Let's go through the different tasks

Create the LXD Container

- name: Create LXD Container
  connection: local
  become: false
  lxd_container:
    name: "{{item}}"
    state: started
    source:
      type: image
      mode: pull
      server: https://cloud-images.ubuntu.com/releases
      protocol: simplestreams
      alias: 16.04/amd64
    profiles: ['default']
    wait_for_ipv4_addresses: true
    timeout: 600
  with_items:
    - "{{groups['containers']}}"
  • connection: local: means it's only running on your local machine.
  • become: false: don't use su or sudo to become a superuser.
  • lxd_container: ...: this is the Ansible LXD module definition. Read the documentation about this module here: Ansible LXD Documentation
  • with_items: ...: this is one of the many Ansible loop statements. In this case, we are looping over the Inventory Group 'containers' (which we defined in the inventory file earlier).

The "{{item}}" will be prefilled by the loop from with_items:..., again a hint to read the good documentation of Ansible about loops.

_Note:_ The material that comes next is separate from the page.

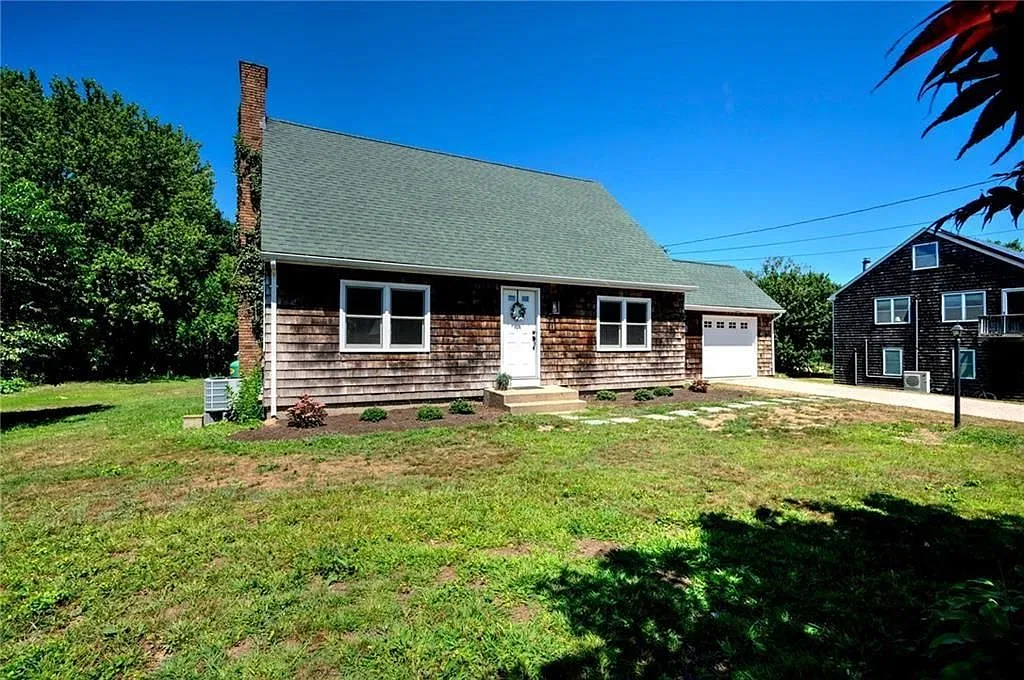 3 bed, 2.0 bath, 1547 sqft, $2,600 — Photo 2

Check if Python2 is installed inside the container

- name: Check if Python2 is installed in container
  delegate_to: "{{item}}"
  raw: dpkg -s python
  register: python_check_is_installed
  failed_when: python_check_is_installed.rc not in [0,1]
  changed_when: false
  with_items:
    - "{{groups['containers']}}"
  • delegate_to:...": this key tells ansible to not use the default connection anymore, but to delegate the connection and the work to the host mentioned in delegate_to.
  • raw:...: This key advises Ansible to use the raw module. Raw means, we don't actually have anything running, no Python for example, which we need for Ansible. So it just using an SSH connection (by default) or for now, it's using a local LXD connection (like lxc exec <container-name> -- <command>). In this case we are executing dpkg -s python, we want to find out of if Python2 is installed.
  • register: ...: during execution of the raw: ... command, Ansible is able to catch the output (stdout, stderr) and the result code of the raw: ... command. register: ... will define a "variable" to store this result. Normally this "variable" is a Python/JSON dictionary for a particular host, but as we are iterating through the 'containers' inventory group, this 'variable' has a results array (which we will use in the next task), where Ansible stores all outputs of all hosts checks. During the task execution but, this 'variable' is still usable as a single result set.
  • failed_when: ...: this will stop the task, if the registered 'variable' is not accessible or the return code is not 0 or 1 (so command returned no success or no real fail, but something else). (more documentation you can find here)
  • changed_when: false: so whenever this tasks runs, it will always change it status, and this would mean Ansible would report one change (i.e. return code changed). To prevent this, we set this to false.(more documentation you can find here)
  • with_items: ...: this is one of the many Ansible loop statements. In this case, we are looping over the Inventory Group 'containers' (which we defined in the inventory file earlier).

The "{{item}}" will be prefilled by the loop from with_items:..., again a hint to read the good documentation of Ansible about loops.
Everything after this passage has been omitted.